- Release poster
- Directed by: Matt Ruskin
- Written by: Matt Ruskin
- Produced by: Ridley Scott; Kevin J. Walsh; Michael Pruss; Josey McNamara; Tom Ackerley;
- Starring: Keira Knightley; Carrie Coon; Alessandro Nivola; Chris Cooper;
- Cinematography: Ben Kutchins
- Edited by: Anne McCabe
- Music by: Paul Leonard-Morgan
- Production companies: 20th Century Studios; Scott Free Productions; LuckyChap Entertainment;
- Distributed by: Hulu
- Release date: March 17, 2023;
- Running time: 112 minutes
- Country: United States
- Language: English

= Boston Strangler (film) =

2023 film by Matt Ruskin

Boston Strangler is a 2023 American historical crime drama film written and directed by Matt Ruskin. It is based on the true story of the Boston Strangler, who, in the 1960s Boston, killed 14 women. The film stars Keira Knightley as Loretta McLaughlin, the reporter who broke the news for the Boston Record American, with Carrie Coon, Alessandro Nivola, Chris Cooper, Bill Camp, Morgan Spector, and David Dastmalchian as Albert DeSalvo.

Boston Strangler was released in the United States on March 17, 2023, by Hulu. It received mixed reviews from critics.

==Plot==
In 1962, Boston Record American reporter Loretta McLaughlin investigates three cases of older women who were raped and murdered by strangulation in the Boston area. She confirms the victims all had stockings tied around their necks in a bow, probably connecting the crimes to a serial killer.

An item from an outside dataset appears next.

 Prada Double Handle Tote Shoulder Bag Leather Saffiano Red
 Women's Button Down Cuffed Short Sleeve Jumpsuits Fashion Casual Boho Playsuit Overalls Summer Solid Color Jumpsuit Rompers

The story angers Boston law enforcement as well as Loretta's boss, who plans to kill the report to protect the company.

When a fourth victim is found, Loretta and fellow reporter Jean Cole decide to continue the investigation. The two women endure rampant sexism in their workplace and society. Loretta's marriage is strained by her long hours and her family is harassed. While writing the articles, Loretta coins the name "the Boston Strangler".

A year later, a seventh woman named Sophie Clark is murdered. A neighbor encountered a man who could be the killer and she provides a vague description. Sophie was much younger than previous victims, which breaks the Strangler's pattern. Loretta and Jean later discover that the Boston Police Department is botching the investigation and not sharing information with other cities. Similar murders, like one committed in New York City by a man named Paul Dempsey, have been overlooked.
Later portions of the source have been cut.